Unit Test Generation Task

The task of Automated Unit Test Case generation has been the focus of extensive research in software engineering community. Existing approaches are usually guided by test coverage criteria and generate synthetic test cases that are often difficult to read or understand even for developers familiar with the code base.

Dataset Description

We introduce methods2test: a supervised dataset consisting of Test Cases and their corresponding Focal Methods from a large set of Java software repositories. To extract methods2test, we first parsed the Java projects to obtain classes and methods with their associated metadata. Next we identified each Test Class and its corresponding Focal Class. Finally, for each Test Case within a Test Class, we mapped it to the related Focal Method and obtain a set of Mapped Test Cases.

Accessing via Git LFS

The repository makes use of the Git large file storage (LFS) service. Git LFS does replacing large files in the repository with tiny pointer files. To pull the actual files do:

# first, clone the repo
git clone git@github.com:microsoft/methods2test.git
# next, change to the methods2test folder
cd methods2test
# finally, pull the files
git lfs pull

Please refer to this web page for more details about Gut LFS and working with large files.

What is Unit Test Case?

Unit testing is a level of software testing where individual software components are tested with a purpose of validating that each software component performs as designed. A unit is the smallest testable part of any software. In this work, we are focusing on testing Java methods.

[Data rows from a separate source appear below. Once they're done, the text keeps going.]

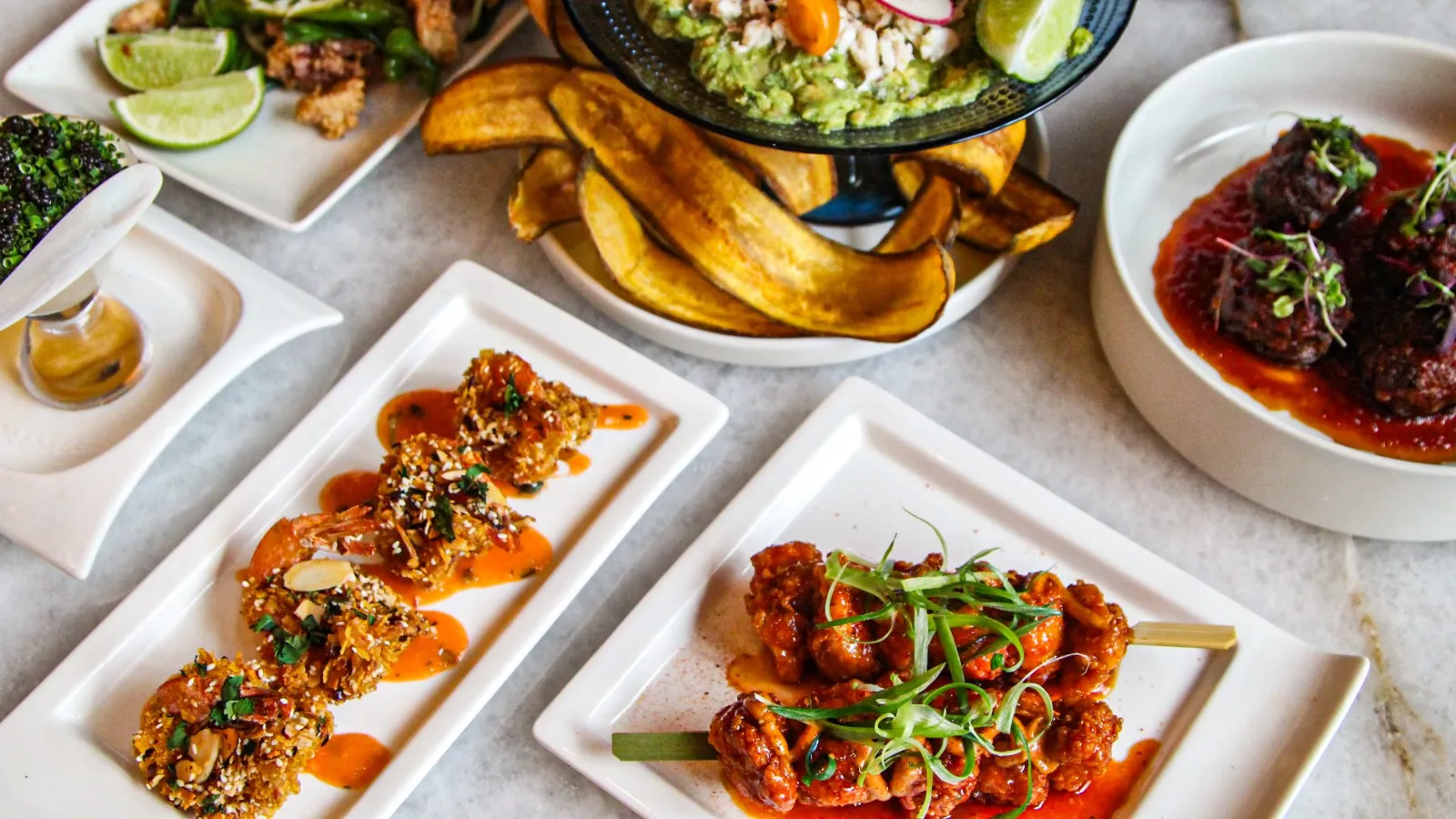 combination of happy hour food including hot and crunchy shrimp topped with slivered almond, hot honey chicken bites on skewers with shaved green onion, prime meatballs in house made steak sauce dress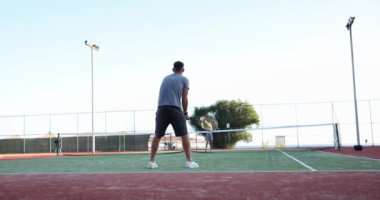 Açık hava tenis kortunda iki profesyonel tenisçi. Sporcular tenis oynarken çok sıkı çalışırlar. Raketle topa vurup yakalamaya konsantre olurlar.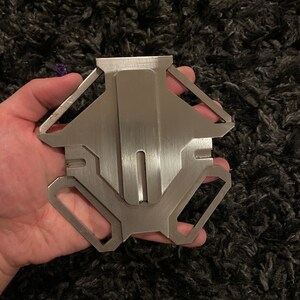 May include: A silver metal keychain with a geometric design. The keychain has a smooth, brushed finish and a key ring attached.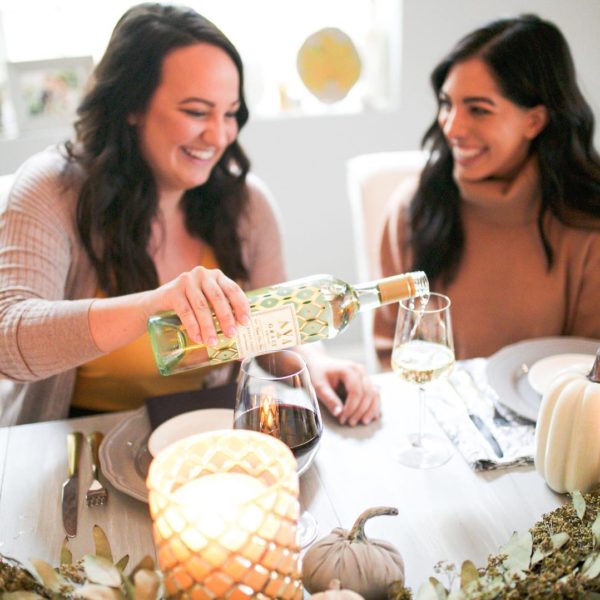 Two friends sharing a glass of AVA Grace Pinot Grigio with fall inspired tablescapes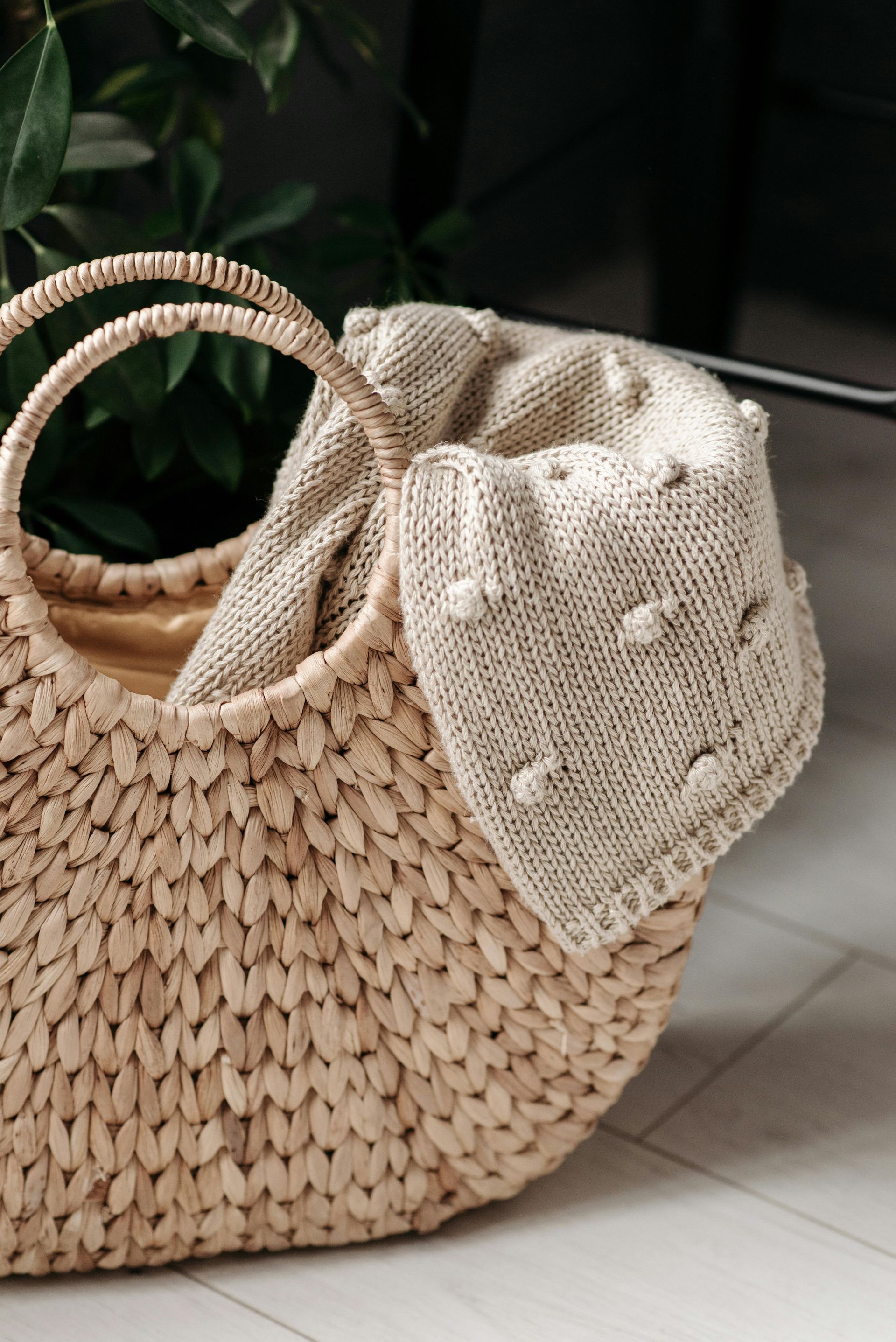 A wicker basket filled with a knitted blanket is sitting on a tiled floor.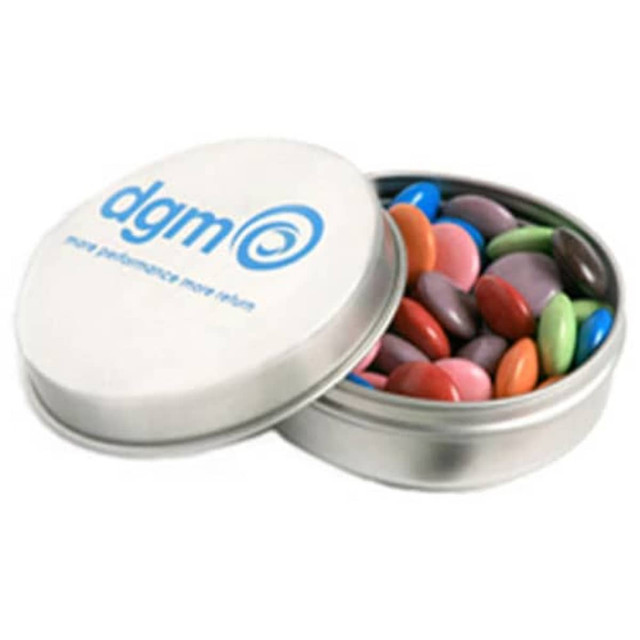 A silver tin filled with colourful choc beans, featuring a branded logo on the lid.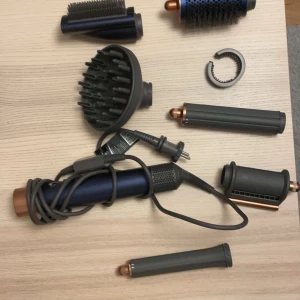 Hårstylingverktyg med tillbehör från Dyson - Säljer ett komplett hårstylingverktyg från Dyson med flera tillbehör. Inkluderar olika borsthuvuden och munstycken för varierad styling. Perfekt för att skapa volym och lockar. Har använt ca 7-10 gånger men kommer inte till användning någon mer. Värme borste munstycket har legat längst ner så lite av borstråna längst upp viker ner lite men de är inget som påverkas när man fixar håret💫Köptes för 6200kr💗pris kan diskuteras🌸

We identify all the Test Classes, which are classes that contain a test case. To do so, we mark a class as a Test Class if it contains at least one method with the @Test annotation. This annotation informs JUnit that the method to which it is attached can be run as a test case.

What is a Focal Method?

Focal methods are the methods under test. For each Test Case (that is, method within a Test Class with the @Testannotation) we attempt to identify the corresponding Focal Method within the focal class. To this aim, we employ the following heuristics:

Name Matching: similarly to the best practices related to the class names, Test Cases names are often similar to the corresponding Focal Methods. Thus, the first heuristic attempts to match the Test Cases with a Focal Method having a name that matches, after removing possible Test prefix/suffix.
Unique Method Call: if the previous heuristic did not identify any focal method, we compute the intersection between:
1. the list of method invocations within the test case and
2. the list of method defined within the focal class. If the intersection results in a unique method, then we select the method as the focal method.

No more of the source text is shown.